Intrinsic plasticity of silicon nanowire neurotransistors for dynamic memory and learning functions
E. Baek, N. R. Das, C. V. Cannistraci, T. Rim, G. S. C. Bermúdez, K. Nych, H. Cho, K. Kim, C. K. Baek, D. Makarov, R. Tetzlaff, L. Chua, L. Baraban, and G. Cuniberti
Nature Electronics 3, 398–408 (2020)
Neuromorphic architectures merge learning and memory functions within a single unit cell and in a neuron-like fashion. Research community has mainly focused on the plasticity of artificial synapses. However the intrinsic plasticity of the neuronal membrane is also important in the implementation of neuromorphic information processing. Here, we report a neurotransistor made from a silicon nanowire transistor coated by an ion-doped sol–gel silicate film that can emulate the intrinsic plasticity of the neuronal membrane. The neurotransistors are manufactured using a conventional complementary metal–oxide–semiconductor (CMOS) process on an 8-inch silicon-on-insulator wafer.
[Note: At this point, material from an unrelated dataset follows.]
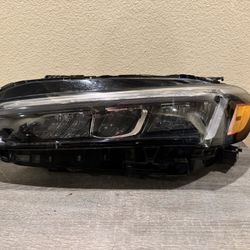 2022-2024 HONDA CIVIC HEADLIGHT LH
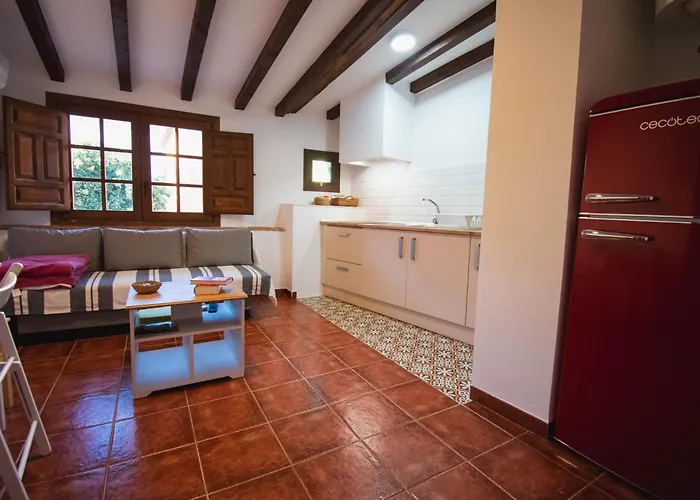 Apartamento El Pozo1 *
Mobile ions allow the film to act as a pseudo-gate that generates memory and allows the neurotransistor to display plasticity. We show that multiple pulsed input signals of the neurotransistor are nonlinearly processed by sigmoidal transformation into the output current, resembling the functioning of a neuronal membrane. The output response is governed by the input signal history, which is stored as ionic states within the silicate film, and thereby providing the neurotransistor with learning capabilities.